* **Task**
In the reply, give back exactly the lines from the one with "Décapsuleur personnalisé bois" through the last line of the records, without pictures.

Source data
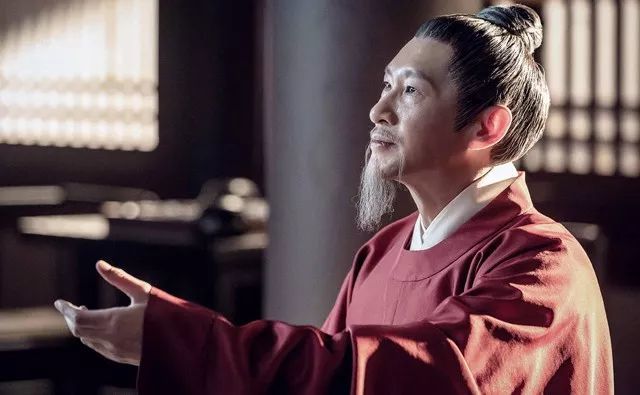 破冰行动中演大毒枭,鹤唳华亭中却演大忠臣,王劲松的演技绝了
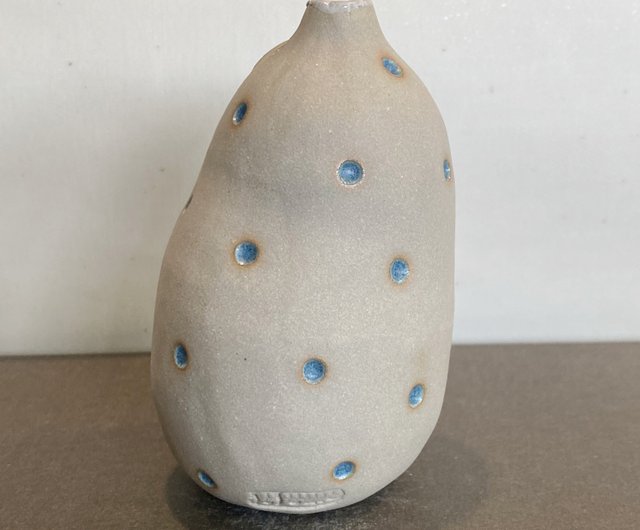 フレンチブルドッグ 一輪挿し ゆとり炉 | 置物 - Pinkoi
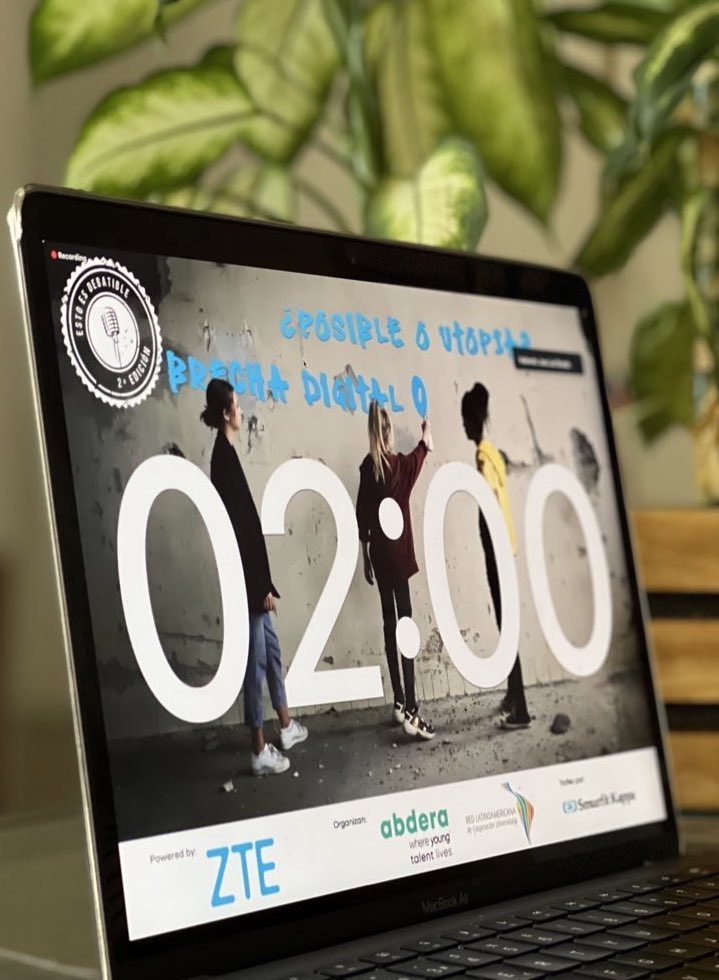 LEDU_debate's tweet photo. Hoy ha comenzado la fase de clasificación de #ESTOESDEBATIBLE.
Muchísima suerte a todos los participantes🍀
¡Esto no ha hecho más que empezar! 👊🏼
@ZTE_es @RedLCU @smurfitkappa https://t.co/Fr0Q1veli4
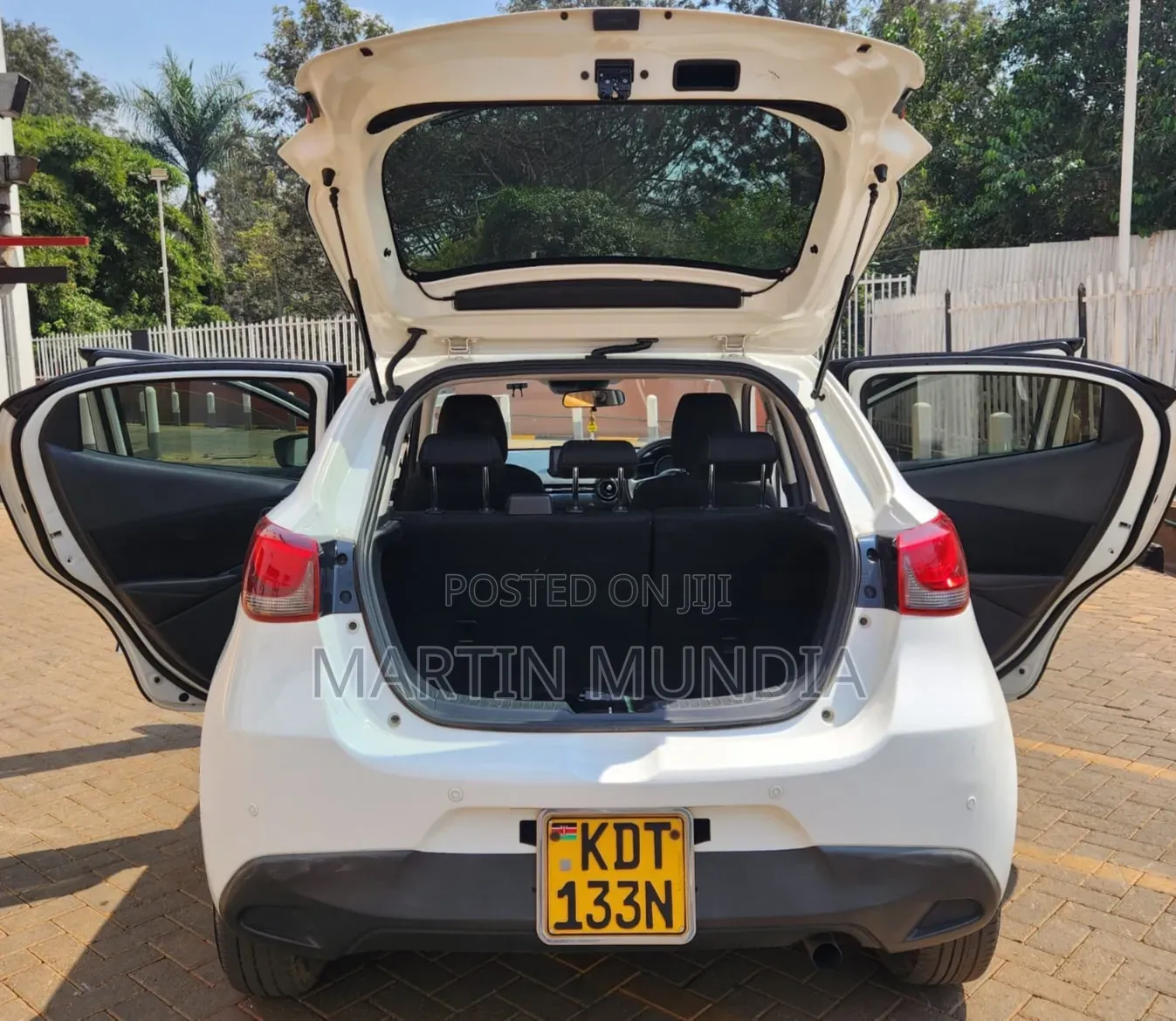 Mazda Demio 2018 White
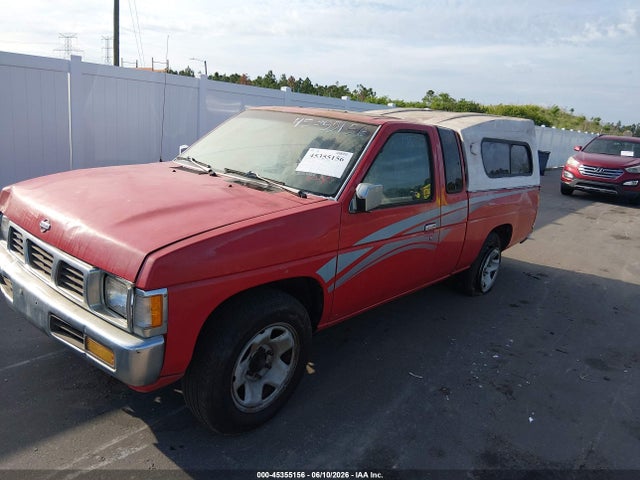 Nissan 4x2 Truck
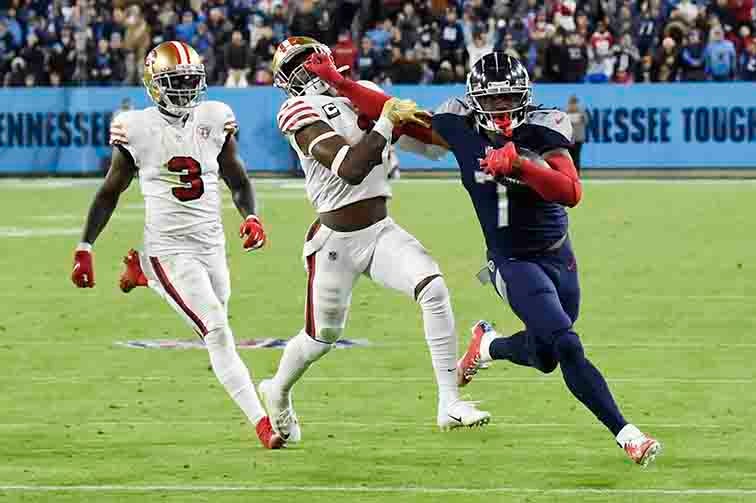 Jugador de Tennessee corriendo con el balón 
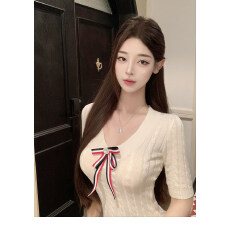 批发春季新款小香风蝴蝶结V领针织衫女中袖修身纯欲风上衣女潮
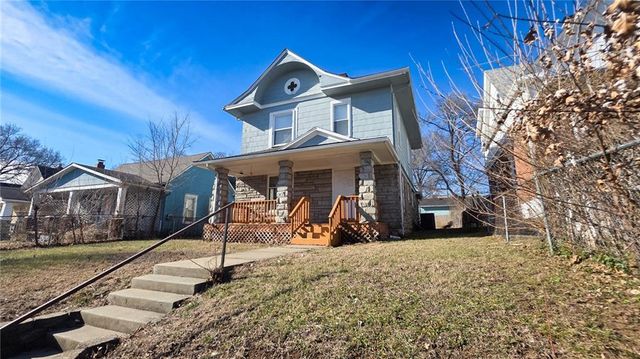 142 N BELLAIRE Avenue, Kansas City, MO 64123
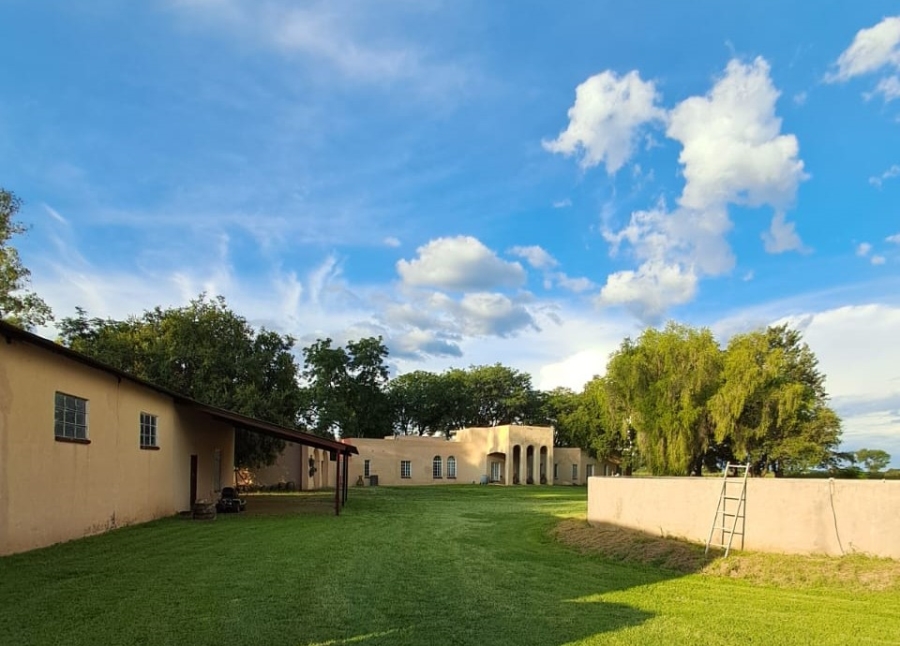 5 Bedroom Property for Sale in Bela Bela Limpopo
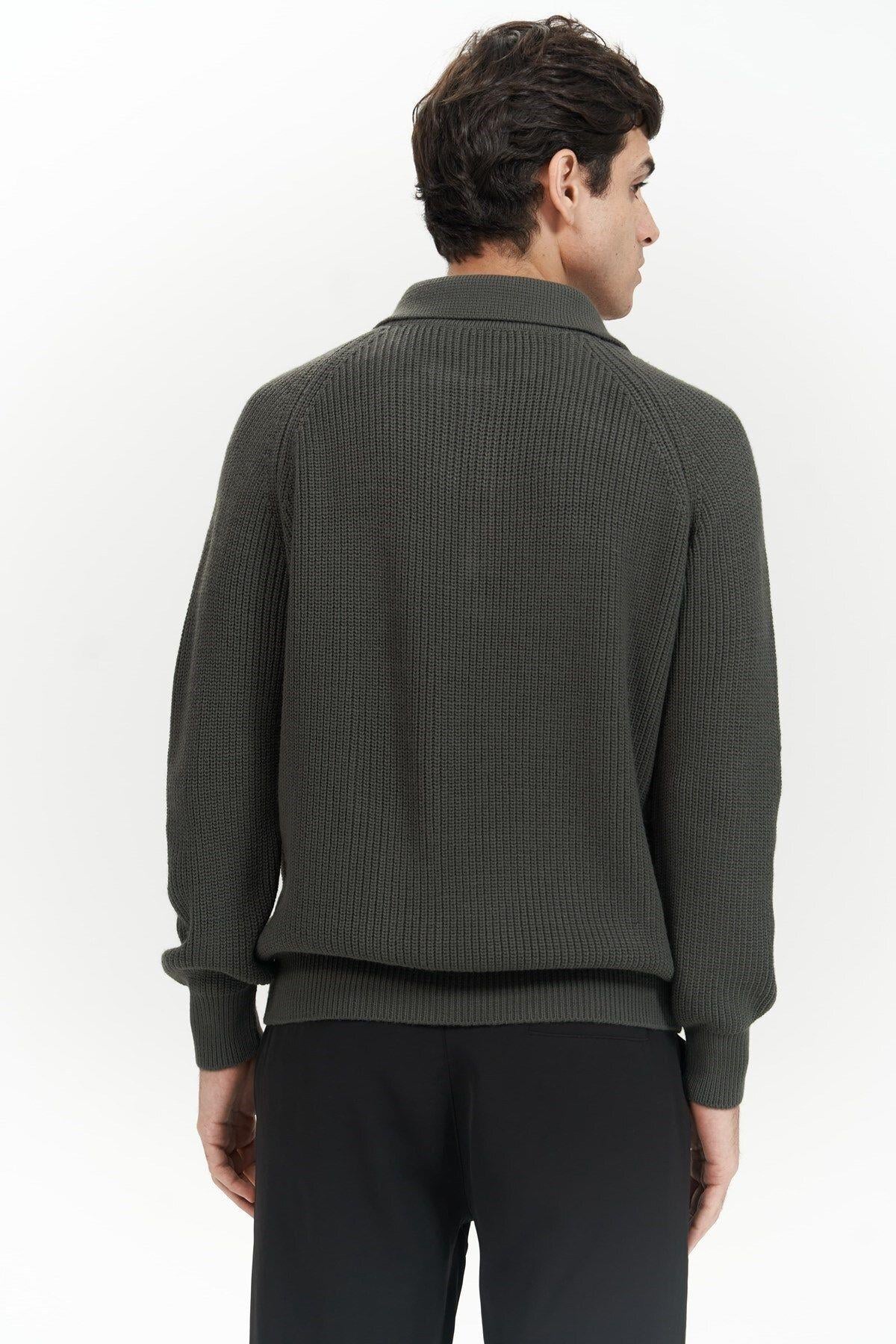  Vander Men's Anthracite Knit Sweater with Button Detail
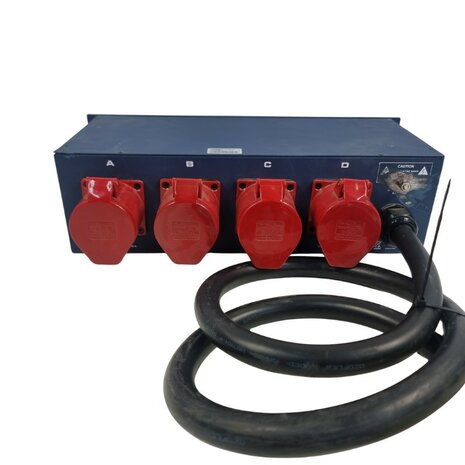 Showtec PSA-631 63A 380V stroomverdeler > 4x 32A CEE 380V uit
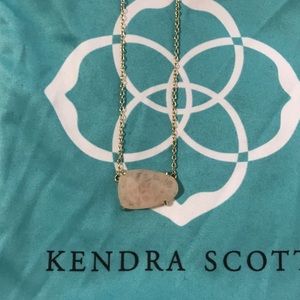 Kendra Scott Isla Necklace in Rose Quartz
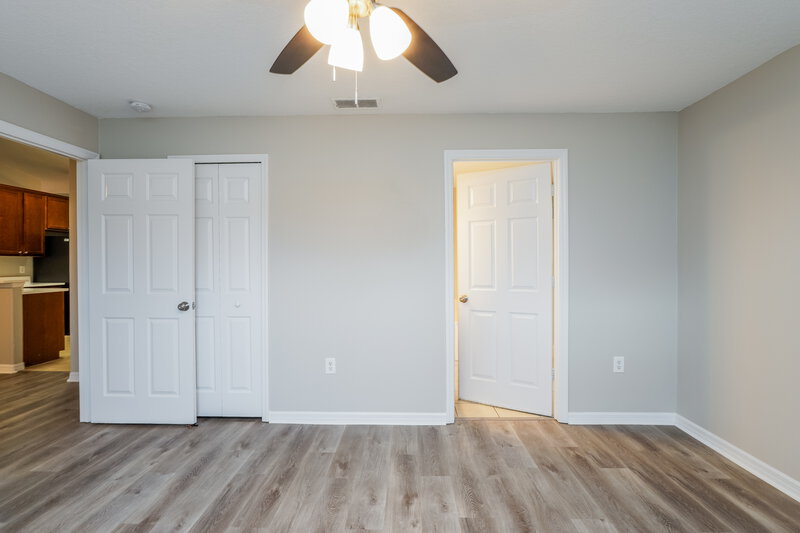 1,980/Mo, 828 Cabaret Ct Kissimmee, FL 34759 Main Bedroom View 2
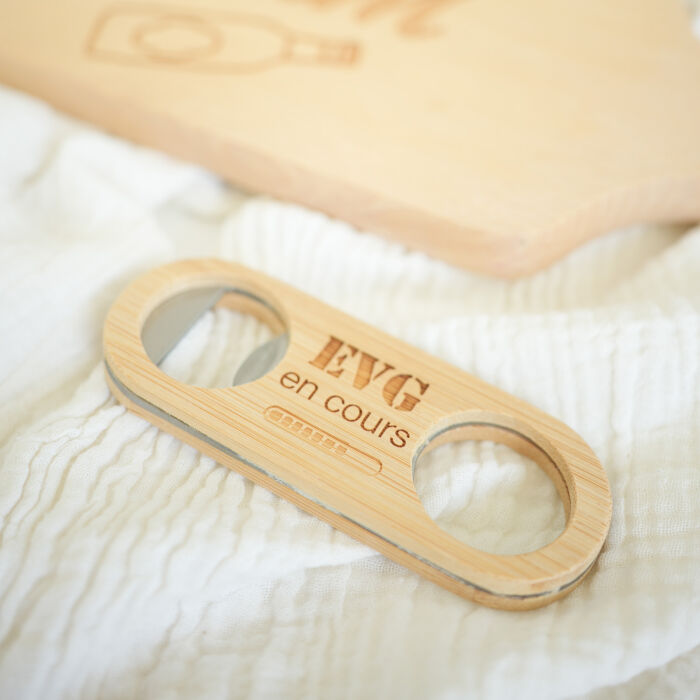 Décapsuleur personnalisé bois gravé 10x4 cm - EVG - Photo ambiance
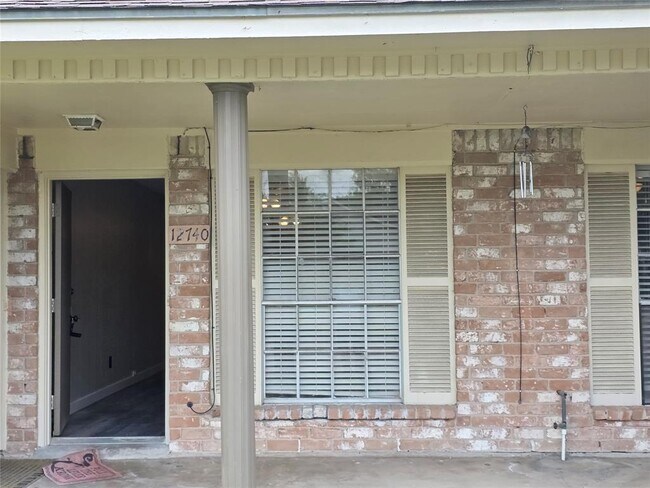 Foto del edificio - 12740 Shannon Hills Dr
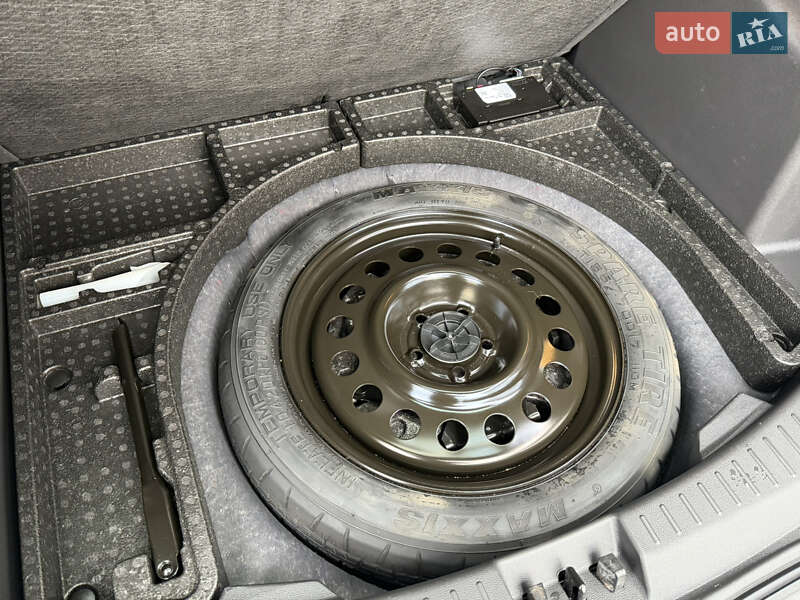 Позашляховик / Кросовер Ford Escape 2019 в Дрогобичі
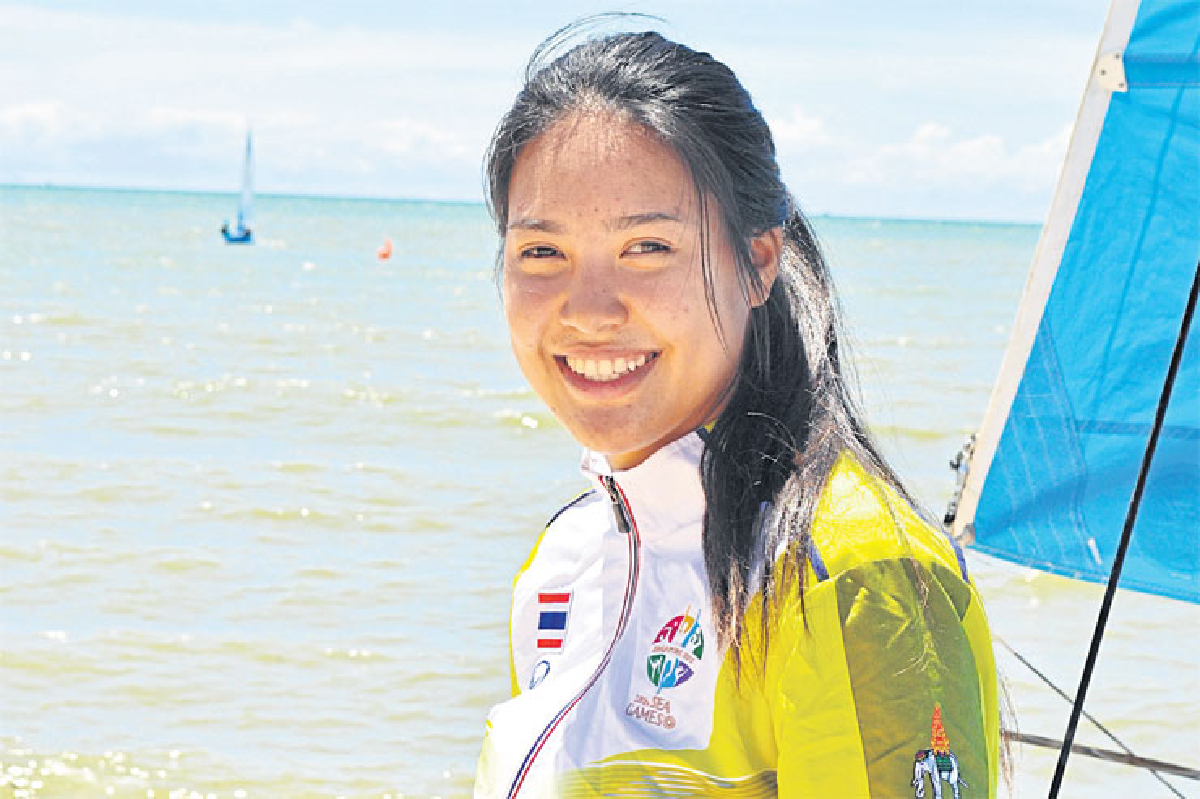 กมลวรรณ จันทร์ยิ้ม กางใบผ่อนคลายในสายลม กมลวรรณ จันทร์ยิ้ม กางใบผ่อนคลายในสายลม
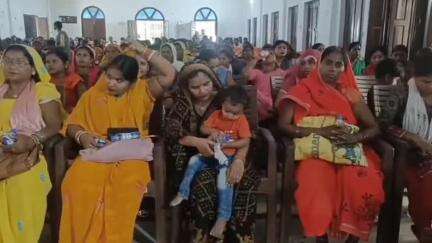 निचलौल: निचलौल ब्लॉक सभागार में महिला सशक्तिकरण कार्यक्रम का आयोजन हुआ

* **Output below**
 Décapsuleur personnalisé bois gravé 10x4 cm - EVG - Photo ambiance
 Foto del edificio - 12740 Shannon Hills Dr
 Позашляховик / Кросовер Ford Escape 2019 в Дрогобичі
 กมลวรรณ จันทร์ยิ้ม กางใบผ่อนคลายในสายลม กมลวรรณ จันทร์ยิ้ม กางใบผ่อนคลายในสายลม
 निचलौल: निचलौल ब्लॉक सभागार में महिला सशक्तिकरण कार्यक्रम का आयोजन हुआ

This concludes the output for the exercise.